I tried to avoid it (for all of a day, but that's a long time in Bean-years), but I can't, or rather, don't want to. While I did think to myself, "my blog, my rules" and perhaps stuck my tongue out at potential naysayers, the truth is it's just what I've been up to, therefore I'm thinking about it.
There just isn't a lot going on in my life at the moment. QAL is on our holiday break, and while I miss everyone terribly, I'm going to be seeing them next week for a dinner thing anyway. I went to my parents place for the 4th (well, the 2nd really, but we were celebrating Independance Day since my hubby had to work on the actual holiday) and I floated around in the pool and drank Rahr beer, had dinner and had basically a perfect and relaxing day. I got sunburnt, because I usually don't have my leg parts in the sun (as they are underwater) but I spent the majority of my pool time on a floaty thingy that exposed said leg parts to the vicious sun, and thus I was a lovely shade of pink all down to my toes. Ah, thank goodness for Solarcain! I also did makeup for the first wedding that wasn't mine on Saturday. It was fun, the bride was happy and beautiful, so that went off without a hitch.
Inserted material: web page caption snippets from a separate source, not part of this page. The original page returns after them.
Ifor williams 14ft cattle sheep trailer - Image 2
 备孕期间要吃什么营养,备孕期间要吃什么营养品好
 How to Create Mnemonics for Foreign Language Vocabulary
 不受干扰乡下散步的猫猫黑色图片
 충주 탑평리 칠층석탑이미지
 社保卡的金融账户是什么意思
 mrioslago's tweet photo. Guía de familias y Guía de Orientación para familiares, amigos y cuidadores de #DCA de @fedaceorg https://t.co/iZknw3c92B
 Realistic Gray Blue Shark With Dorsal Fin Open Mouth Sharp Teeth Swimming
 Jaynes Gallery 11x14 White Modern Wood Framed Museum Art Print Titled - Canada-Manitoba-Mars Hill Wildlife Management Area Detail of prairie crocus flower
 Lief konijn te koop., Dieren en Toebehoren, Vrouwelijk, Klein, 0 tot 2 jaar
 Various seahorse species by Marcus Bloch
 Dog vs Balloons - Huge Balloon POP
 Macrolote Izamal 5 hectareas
I went on a dining adventure on Wednesday to a little hole-in-the-wall Italian restaurant in Plano that is probably destined to remain a hole-in-the-wall. It advertised "5 star cuisine at 2 star prices" but I'd have to say it's pretty much 3 star all around. Not bad at all. In fact, I really enjoyed my meal, but not really anything to write home to Mom about, or you know... blog about. Work is work. Things are a-foot and there are some changes coming down the pipes but it's all boring internal process stuff and totally not blog worthy.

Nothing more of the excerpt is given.